Organic materials show promise as switching layers for resistive random access memory (RRAM). However, practical application has been limited by inefficient charge injection and transport in typical organic materials. This study proves that local enhancement of electric fields through structured electrodes can improve charge injection and transport in organic RRAM. Specifically, pyramid-structured electrodes with an extremely sharp tip are introduced into RRAM with a polyimide (PI) switching layer. The electric field in the pyramid-structured RRAM can be significantly enhanced only at the tip, thereby facilitating charge injection at the electrode/PI interface and charge transport through the PI switching layer.

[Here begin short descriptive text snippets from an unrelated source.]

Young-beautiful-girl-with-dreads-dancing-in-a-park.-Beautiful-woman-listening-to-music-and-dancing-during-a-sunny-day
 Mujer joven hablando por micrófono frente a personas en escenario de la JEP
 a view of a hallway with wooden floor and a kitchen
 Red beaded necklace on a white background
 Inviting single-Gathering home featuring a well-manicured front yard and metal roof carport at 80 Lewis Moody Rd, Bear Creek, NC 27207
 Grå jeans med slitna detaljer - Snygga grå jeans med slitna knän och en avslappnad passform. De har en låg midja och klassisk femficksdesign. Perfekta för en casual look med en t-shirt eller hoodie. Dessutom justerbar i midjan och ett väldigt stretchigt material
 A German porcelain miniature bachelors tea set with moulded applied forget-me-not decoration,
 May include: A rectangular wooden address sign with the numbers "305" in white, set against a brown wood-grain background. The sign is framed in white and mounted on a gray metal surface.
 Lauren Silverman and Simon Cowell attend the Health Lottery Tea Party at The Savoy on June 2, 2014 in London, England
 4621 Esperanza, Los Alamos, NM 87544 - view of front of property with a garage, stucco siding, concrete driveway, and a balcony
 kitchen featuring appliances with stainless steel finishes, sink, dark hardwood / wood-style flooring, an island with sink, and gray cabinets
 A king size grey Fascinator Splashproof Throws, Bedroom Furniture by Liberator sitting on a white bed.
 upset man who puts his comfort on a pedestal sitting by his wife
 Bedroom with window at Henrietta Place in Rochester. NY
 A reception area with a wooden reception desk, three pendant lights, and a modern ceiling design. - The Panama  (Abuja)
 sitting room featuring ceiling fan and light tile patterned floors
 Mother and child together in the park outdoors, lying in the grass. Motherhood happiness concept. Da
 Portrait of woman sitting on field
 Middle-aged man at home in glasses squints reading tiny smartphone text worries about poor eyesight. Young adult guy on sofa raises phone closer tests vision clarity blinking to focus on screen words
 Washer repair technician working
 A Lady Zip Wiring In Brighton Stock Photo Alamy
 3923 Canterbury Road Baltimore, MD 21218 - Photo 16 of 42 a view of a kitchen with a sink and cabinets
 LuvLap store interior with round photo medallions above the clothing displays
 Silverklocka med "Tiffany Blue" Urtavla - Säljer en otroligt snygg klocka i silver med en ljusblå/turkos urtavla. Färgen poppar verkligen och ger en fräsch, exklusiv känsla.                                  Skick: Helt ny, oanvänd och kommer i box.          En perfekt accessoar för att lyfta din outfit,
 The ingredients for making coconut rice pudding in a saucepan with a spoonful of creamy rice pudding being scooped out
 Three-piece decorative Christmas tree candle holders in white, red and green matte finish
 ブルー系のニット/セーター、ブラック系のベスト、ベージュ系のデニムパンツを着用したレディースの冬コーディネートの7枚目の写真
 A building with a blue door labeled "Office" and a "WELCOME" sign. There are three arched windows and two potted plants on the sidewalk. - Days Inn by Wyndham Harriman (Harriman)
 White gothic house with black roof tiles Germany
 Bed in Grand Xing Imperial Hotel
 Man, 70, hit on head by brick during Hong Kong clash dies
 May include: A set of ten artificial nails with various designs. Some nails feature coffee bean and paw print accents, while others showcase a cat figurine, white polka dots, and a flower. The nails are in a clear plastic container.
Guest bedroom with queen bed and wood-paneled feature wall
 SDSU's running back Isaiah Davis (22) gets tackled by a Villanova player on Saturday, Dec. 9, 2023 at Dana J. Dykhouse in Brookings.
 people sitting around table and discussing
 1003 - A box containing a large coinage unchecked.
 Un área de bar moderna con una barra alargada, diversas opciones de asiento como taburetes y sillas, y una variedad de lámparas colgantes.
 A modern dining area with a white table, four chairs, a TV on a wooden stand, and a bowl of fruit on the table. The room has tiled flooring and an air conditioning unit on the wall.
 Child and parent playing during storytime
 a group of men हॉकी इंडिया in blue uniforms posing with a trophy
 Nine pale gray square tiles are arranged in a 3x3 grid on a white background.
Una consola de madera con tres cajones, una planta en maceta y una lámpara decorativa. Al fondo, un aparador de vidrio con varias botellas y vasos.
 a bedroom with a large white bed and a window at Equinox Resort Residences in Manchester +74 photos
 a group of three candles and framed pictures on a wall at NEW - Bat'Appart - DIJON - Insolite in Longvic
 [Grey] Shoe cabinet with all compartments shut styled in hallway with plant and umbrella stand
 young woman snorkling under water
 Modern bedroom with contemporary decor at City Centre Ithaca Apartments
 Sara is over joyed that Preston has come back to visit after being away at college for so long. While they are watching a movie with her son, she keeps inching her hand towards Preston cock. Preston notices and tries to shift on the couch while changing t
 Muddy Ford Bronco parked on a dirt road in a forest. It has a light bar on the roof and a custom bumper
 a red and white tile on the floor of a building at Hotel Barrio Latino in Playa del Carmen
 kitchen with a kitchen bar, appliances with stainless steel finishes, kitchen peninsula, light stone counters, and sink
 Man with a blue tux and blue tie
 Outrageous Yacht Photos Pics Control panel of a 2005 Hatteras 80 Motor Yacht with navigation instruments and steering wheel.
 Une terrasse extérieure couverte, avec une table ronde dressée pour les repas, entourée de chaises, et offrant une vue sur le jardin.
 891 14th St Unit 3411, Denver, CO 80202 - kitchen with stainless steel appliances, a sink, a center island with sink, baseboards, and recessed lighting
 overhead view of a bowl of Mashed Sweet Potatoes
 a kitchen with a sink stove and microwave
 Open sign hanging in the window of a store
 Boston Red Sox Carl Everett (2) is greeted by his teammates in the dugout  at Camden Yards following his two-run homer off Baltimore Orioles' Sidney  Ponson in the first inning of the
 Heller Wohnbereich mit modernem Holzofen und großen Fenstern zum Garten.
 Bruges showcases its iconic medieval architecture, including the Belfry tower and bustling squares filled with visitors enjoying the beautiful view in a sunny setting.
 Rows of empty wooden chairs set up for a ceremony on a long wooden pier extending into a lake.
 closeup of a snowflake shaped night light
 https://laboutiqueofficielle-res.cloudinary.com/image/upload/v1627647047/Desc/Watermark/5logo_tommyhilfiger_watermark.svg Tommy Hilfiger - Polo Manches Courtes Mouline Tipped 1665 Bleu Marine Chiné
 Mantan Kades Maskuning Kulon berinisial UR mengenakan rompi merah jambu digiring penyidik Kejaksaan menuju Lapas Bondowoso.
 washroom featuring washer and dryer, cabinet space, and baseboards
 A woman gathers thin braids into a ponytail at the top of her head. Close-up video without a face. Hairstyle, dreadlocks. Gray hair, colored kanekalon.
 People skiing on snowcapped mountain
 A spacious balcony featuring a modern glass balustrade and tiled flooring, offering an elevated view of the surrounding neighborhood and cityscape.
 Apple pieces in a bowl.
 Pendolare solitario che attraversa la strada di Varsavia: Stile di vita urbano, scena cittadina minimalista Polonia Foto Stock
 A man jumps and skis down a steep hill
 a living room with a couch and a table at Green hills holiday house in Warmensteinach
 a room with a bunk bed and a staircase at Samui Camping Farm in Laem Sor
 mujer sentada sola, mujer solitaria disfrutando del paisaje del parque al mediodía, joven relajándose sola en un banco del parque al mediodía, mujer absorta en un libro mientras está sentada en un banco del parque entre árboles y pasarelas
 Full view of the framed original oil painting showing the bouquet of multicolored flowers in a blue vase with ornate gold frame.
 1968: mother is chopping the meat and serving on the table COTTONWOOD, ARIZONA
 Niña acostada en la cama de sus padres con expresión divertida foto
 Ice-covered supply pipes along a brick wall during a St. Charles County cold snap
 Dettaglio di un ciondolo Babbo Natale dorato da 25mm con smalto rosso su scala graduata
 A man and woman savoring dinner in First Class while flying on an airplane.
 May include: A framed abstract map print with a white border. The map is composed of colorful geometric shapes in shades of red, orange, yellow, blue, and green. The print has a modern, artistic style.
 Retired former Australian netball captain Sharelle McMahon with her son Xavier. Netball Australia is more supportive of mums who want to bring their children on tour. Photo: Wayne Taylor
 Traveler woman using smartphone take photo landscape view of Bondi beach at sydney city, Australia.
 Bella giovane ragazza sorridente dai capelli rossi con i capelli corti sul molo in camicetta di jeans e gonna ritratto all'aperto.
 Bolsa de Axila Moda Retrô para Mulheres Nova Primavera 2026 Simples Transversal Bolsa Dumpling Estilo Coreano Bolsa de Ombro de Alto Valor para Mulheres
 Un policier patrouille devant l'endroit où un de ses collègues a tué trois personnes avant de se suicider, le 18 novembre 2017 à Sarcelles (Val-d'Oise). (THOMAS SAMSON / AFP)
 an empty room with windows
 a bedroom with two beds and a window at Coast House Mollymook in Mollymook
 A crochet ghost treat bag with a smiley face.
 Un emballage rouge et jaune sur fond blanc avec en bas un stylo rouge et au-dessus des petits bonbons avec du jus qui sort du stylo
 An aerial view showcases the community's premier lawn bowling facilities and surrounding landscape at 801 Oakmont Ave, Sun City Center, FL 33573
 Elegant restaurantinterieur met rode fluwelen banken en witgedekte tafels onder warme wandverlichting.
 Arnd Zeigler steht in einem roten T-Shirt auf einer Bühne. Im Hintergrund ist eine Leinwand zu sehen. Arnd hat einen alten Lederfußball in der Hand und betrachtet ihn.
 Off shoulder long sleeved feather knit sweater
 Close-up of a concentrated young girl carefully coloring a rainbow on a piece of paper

Indeed, the resulting RRAM exhibits low and reliable operating voltages (SET: 1.76 V ± 0.41 V / RESET: −0.49 V ± 0.15 V) compared with conventional PI-based RRAMs with planar electrodes. The conductive path formed in the tip region is observed directly using conductive atomic force microscopy, demonstrating that resistive switching occurs by tip-enhanced electric fields. Also, the charge transport mechanism follows the space charge-limiting current model modified by the Poole–Frenkel effect. These results provide an effective strategy to control the charge concentration, injection, and transport in organic RRAM, for realization of low-cost, large-area, shape-deformable data storage devices.